Barbara Billingsley's Final Years after Playing June Cleaver in 'Leave It to Beaver'
Barbara Billingsley found fame with "Leave It To Beaver" but her life after it became a stereotype that she tried, but couldn't break away from.
Barbara Billingsley on "Leave It To Beaver" as "June Cleaver" embodied a sweet and helpful housewife living a Suburban lifestyle, in the postwar era. For most of her life, she worked as an actress in Hollywood and graced the small screen nonstop between the '57, and '63 — the era of reruns.
Asides from being a career actress, Billingsley worked as a model and married three times. She began as a fashion model before returning to Los Angeles, where she got a movie contract with MGM.
From that moment, the actress took on minor roles, appearing in "The Bad and the Beautiful," "Shadow of the Wall," and "Three Guys Named Mike" until she landed "Leave It To Beaver."
The show was successful, and as the Los Angeles star once recalled, it was a beautiful experience, and very timely. Unfortunately, like most series actors in those days, Billingsley became stereotyped and got few scripts after the show ended.

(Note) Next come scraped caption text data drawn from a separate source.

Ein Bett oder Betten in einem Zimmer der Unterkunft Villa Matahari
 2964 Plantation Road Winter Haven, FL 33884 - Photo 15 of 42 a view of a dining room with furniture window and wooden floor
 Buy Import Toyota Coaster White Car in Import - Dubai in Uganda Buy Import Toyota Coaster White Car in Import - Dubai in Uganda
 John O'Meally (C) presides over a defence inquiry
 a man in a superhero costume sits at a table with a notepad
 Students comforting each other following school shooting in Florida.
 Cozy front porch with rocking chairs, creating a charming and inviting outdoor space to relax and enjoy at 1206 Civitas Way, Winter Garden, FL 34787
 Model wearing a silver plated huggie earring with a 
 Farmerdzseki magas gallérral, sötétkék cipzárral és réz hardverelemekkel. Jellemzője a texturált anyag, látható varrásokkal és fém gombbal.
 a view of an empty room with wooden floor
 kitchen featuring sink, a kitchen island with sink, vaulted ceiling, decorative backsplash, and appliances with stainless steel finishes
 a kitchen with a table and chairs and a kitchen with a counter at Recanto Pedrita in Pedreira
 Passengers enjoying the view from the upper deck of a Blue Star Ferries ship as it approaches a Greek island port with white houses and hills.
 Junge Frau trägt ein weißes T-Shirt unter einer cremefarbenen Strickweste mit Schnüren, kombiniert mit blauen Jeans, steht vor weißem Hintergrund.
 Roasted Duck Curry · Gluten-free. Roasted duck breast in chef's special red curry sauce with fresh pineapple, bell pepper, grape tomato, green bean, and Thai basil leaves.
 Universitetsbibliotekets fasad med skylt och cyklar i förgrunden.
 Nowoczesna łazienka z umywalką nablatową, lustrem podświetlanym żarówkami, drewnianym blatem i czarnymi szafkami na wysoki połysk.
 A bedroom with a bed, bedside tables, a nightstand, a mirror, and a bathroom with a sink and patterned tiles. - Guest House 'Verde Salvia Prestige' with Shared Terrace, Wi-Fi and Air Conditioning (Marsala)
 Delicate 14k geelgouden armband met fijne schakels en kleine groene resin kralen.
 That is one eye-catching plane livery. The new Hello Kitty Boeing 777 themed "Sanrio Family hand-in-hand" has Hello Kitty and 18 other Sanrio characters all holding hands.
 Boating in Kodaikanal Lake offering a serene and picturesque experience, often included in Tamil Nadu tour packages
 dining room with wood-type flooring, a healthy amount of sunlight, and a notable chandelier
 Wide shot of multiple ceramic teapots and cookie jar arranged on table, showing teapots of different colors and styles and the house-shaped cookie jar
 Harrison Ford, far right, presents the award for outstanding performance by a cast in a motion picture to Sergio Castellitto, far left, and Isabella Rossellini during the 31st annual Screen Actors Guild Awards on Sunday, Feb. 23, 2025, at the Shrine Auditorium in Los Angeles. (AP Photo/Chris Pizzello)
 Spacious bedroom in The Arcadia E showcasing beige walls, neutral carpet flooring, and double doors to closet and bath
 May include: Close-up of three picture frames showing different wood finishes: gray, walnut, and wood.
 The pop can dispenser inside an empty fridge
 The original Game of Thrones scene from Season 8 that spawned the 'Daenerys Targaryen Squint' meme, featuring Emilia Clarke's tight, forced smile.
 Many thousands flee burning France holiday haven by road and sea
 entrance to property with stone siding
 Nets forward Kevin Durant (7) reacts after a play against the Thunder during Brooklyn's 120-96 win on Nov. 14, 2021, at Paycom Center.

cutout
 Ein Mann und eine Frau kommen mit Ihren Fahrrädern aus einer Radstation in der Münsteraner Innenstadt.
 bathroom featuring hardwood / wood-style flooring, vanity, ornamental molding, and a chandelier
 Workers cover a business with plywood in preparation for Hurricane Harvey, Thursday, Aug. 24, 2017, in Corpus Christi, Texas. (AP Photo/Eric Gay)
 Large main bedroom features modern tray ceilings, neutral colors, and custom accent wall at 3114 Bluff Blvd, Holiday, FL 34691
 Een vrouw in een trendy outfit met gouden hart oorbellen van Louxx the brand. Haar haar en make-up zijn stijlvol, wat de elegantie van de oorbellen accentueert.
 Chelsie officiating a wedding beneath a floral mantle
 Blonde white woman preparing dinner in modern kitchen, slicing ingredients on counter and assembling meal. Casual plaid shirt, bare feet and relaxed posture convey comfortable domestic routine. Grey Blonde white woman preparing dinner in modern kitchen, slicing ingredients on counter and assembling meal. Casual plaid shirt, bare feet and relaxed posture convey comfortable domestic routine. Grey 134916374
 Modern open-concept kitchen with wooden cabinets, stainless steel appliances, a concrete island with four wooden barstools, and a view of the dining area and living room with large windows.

At the beginning of the '80s, the actress's career got a bit of a revival after she starred in the comedy movie, "Airplane!." After that, she bagged some guest appearance roles on shows like "Amazing Stories," and "The Love Boat."
The "Roseanne" star voiced "Nanny" in the animated series, "Jim Henson's Muppet Babies" from '84 to '91, and in '97, she had a small part in the feature film version of "Leave It To Beaver." After that, she appeared to take a break from the movie scene.
In 2000, she granted an interview for the Academy Television archives where she spoke on her early years on MGM, and playing "June Cleaver." In it, she said while being a stay-at-home mom worked for her character, she supports women having a career, and a home.
In the years that followed, advancement in age kept the sitcom star away from the public eye, and the last few years of her life, saw her get sick with rheumatoid disorder polymyalgia. She dealt with the illness until her death in October 2010, at her home in Santa Monica at the age of 94.
Born in 1915, as Barbara Lillian Combes, Billingsley at the time of her death, had two sons, Drew, and Glenn, 16 grandchildren, and 23 great-grandchildren.
She had three husbands in her lifetime, beginning with her marriage to Glenn Billingsley in '47, the second to Roy Kellino, and after his death in '56, to Dr William Mortenson, until he died in '81.
The actress left behind a legacy of work that the world will remember her for; she believed in the togetherness of the family institution, and once said that family is everything, and the world needs more people who would stay at home with their babies.